Ok, what is the process of validation, other than a statistical exercise, with analysis of accuracy, precision, limit of detection, limit of quantification, linearity / range, selectivity, robustness, and ruggedness.
If you are with a lab or have a lab that might still be open to collaboration, would you please reply.
Assume that we would supply a C18 column, among the various discussed, preferably with 3 micron particle size, 50 mm length x 3 mm i.d., if your instrument can withstand the pressure.
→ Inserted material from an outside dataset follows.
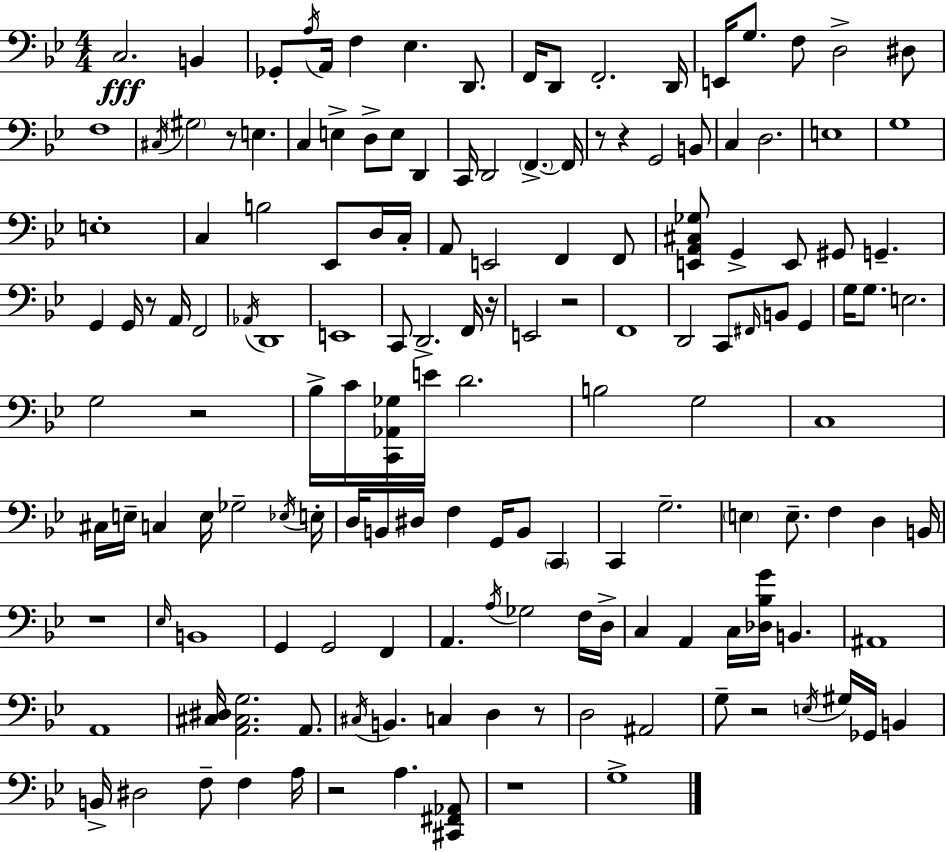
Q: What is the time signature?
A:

Further assume that, if required, we would also supply solvents, methanol, ethanol, and hexane, which are to be procured for HPLC grade quality.
Detection is to be preferred with UV, according to the published range 205 to 220, but at least tested with MS-2 to confirm MW equal 622 and precise molecular formula, with NMR also to be done to identify the chirality of the single key analyte by comparing to the scientific literature.
Preference with lipids & natural products preferred.
In fact, two methods are to be modified, optimized, and validated, that is a preparative method for an internal standard and an analytical method with detection by FTIR and UV, according to published studies.
If you wished, we could possibly consider that you of course be free to publish the results of any studies, for a doctoral thesis or even for a postdoc.
We are also working on new ways to develop and enhance the specificity of chiral synthesis & enantiomers, specifically of acetogenins. These methods are being patented, so I am not at liberty to say much more.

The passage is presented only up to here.